Dynamic changes in family and sexual behaviors became the focus of major social movements from the years 1960 to 2000. Highly disciplined and vocal groups engaged in intense debates over these changes. The debates relating to sexuality, sex-education, abortion, divorce, and homosexuality focus on the meaning of human life, the family, and sacred values. Consequently, the disputes became acrimonious, accompanied by ferocious denunciations and accusations.
In their support of traditional values, religious groups encountered political struggles internally and within the larger society. The struggle over control for the definition of 'normal' sexual behavior was evident within denominations and even within their own hierarchies. Liberal factions sought to change official church statements related to sexuality in order to bring them into line with secular practices. A dichotomy between Churches became evident. ‘Mainline’ denominations moved in the direction of accommodation to contemporary values while 'fundamentalist' denominations sought to preserve traditional biblical values and family relationships.
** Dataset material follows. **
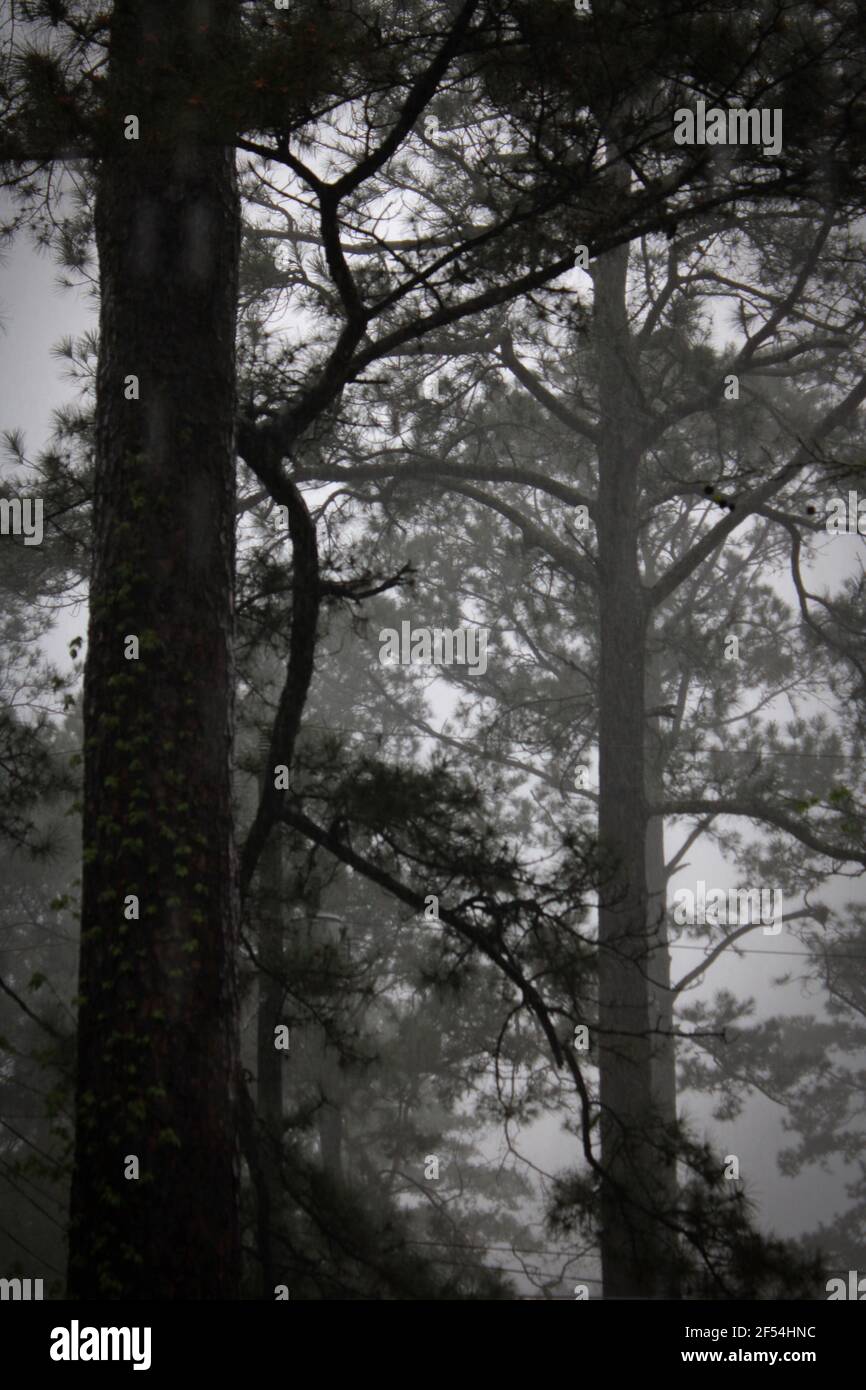 pine trees in the rain and fog Stock Photo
Interest in this study has grown out of my life experiences within academia as a student and a professor of sociology; within churches of several denominations, including Baptist, Church of the Brethren, United
Methodist, Presbyterian, and Episcopalian; and as a wife and mother raising three children who were born in the 1960's. As parents raising two sons and a daughter, my husband and I were confused and concerned about the changes that were taking place in society. Being unaware at the time of the organized groups that were challenging traditional moral values, I naively assumed that other social institutions were continuing to support these values.
My family and I were actively involved in the churches in which we were members. These experiences sensitized me to the varied perspectives, both within denominations and between denominations, in regard to support for diverse sexual and family relationships. I observed and felt personally the intensity of feelings these topics generated within congregations.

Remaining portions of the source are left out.